(How to complete this task) In your copy, repeat each record exactly and include no pictures.

(Raw data)
--
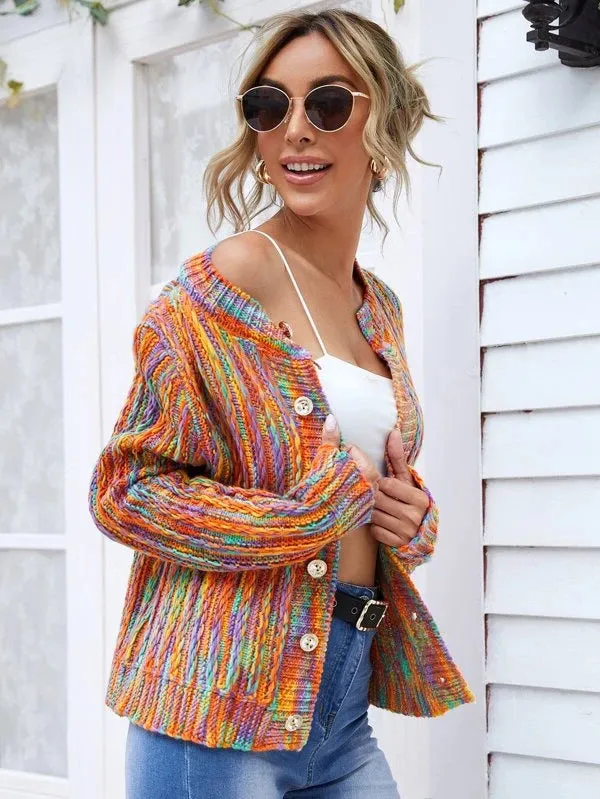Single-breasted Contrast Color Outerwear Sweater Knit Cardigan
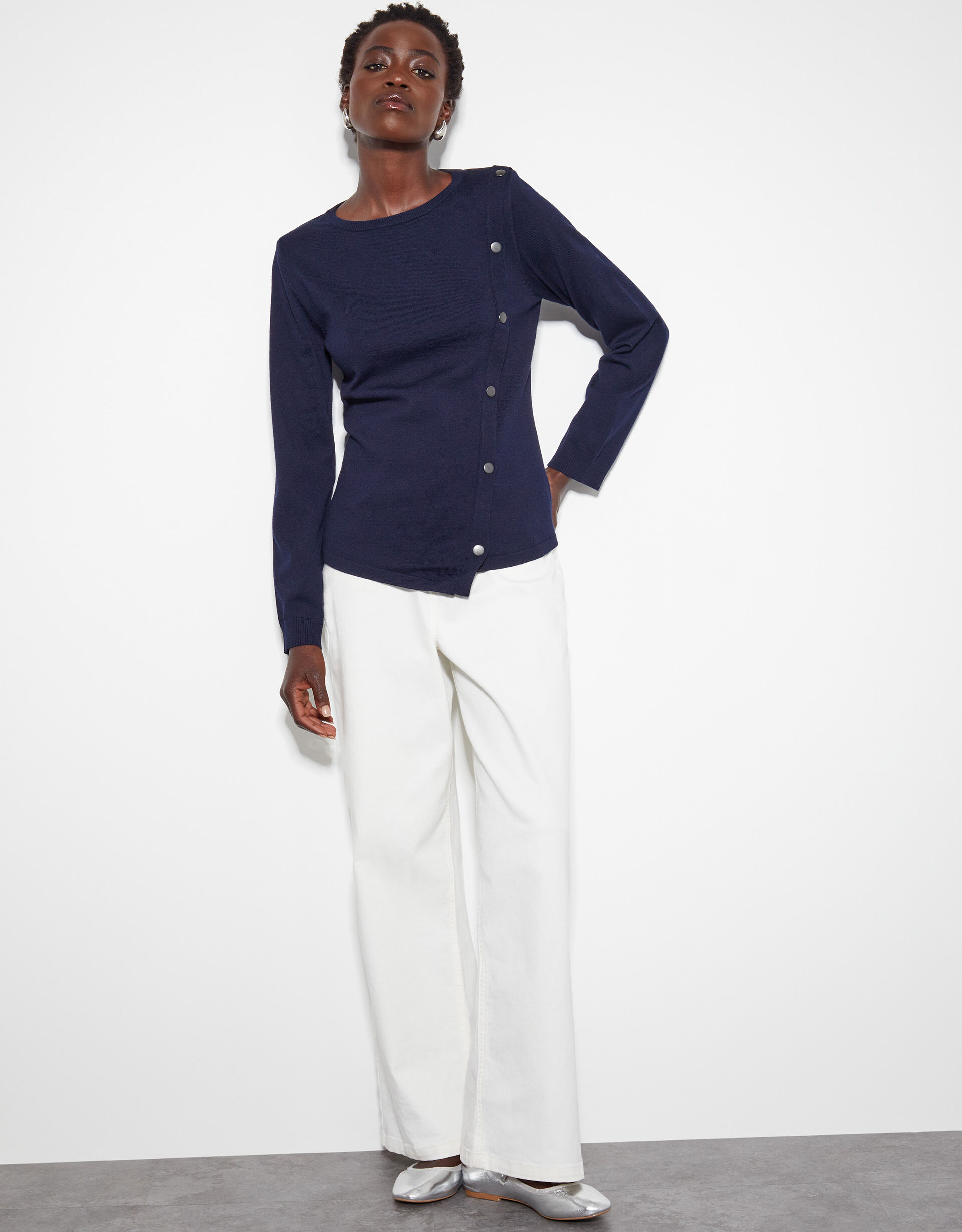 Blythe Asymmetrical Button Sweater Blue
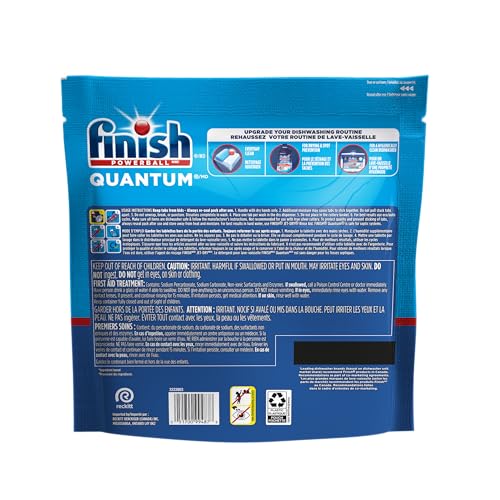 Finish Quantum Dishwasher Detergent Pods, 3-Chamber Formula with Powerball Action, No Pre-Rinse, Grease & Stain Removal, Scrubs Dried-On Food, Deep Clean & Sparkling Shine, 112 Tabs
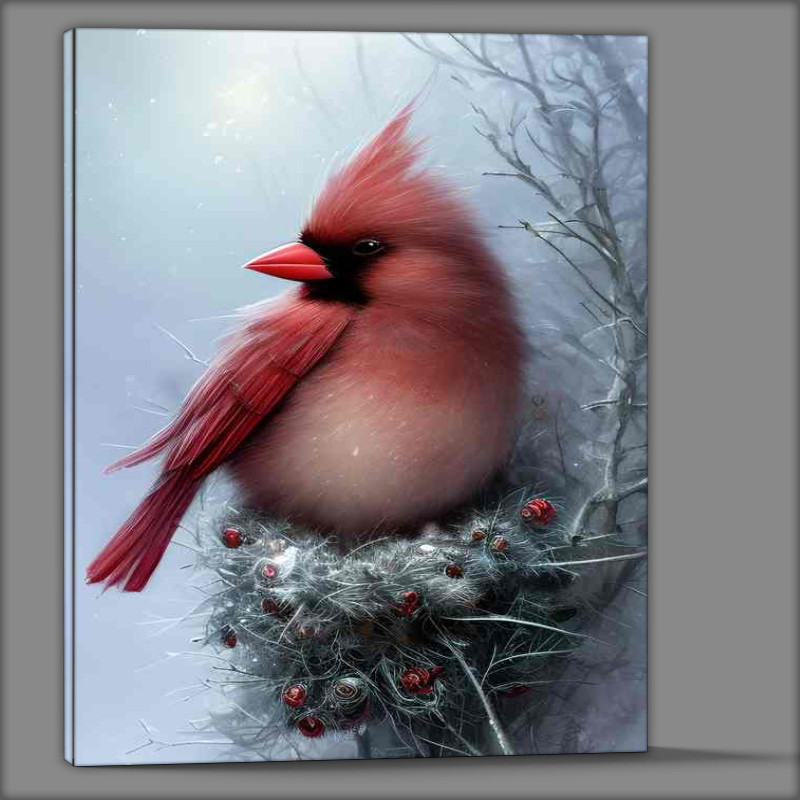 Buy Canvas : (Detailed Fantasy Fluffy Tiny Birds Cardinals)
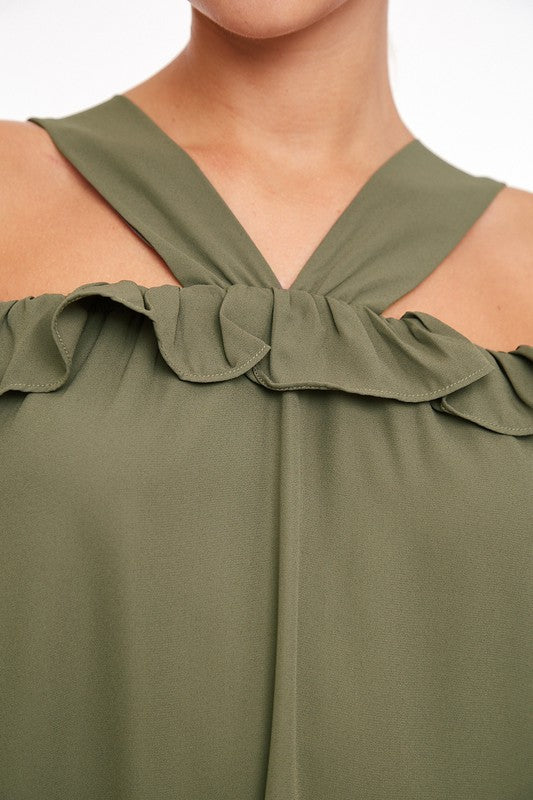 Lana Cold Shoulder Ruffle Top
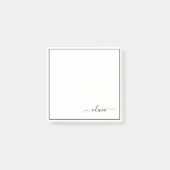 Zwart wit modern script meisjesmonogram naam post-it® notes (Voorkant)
--
(Reply to the exercise)
Single-breasted Contrast Color Outerwear Sweater Knit Cardigan
 Blythe Asymmetrical Button Sweater Blue
 Finish Quantum Dishwasher Detergent Pods, 3-Chamber Formula with Powerball Action, No Pre-Rinse, Grease & Stain Removal, Scrubs Dried-On Food, Deep Clean & Sparkling Shine, 112 Tabs
 Buy Canvas : (Detailed Fantasy Fluffy Tiny Birds Cardinals)
 Lana Cold Shoulder Ruffle Top
 Zwart wit modern script meisjesmonogram naam post-it® notes (Voorkant)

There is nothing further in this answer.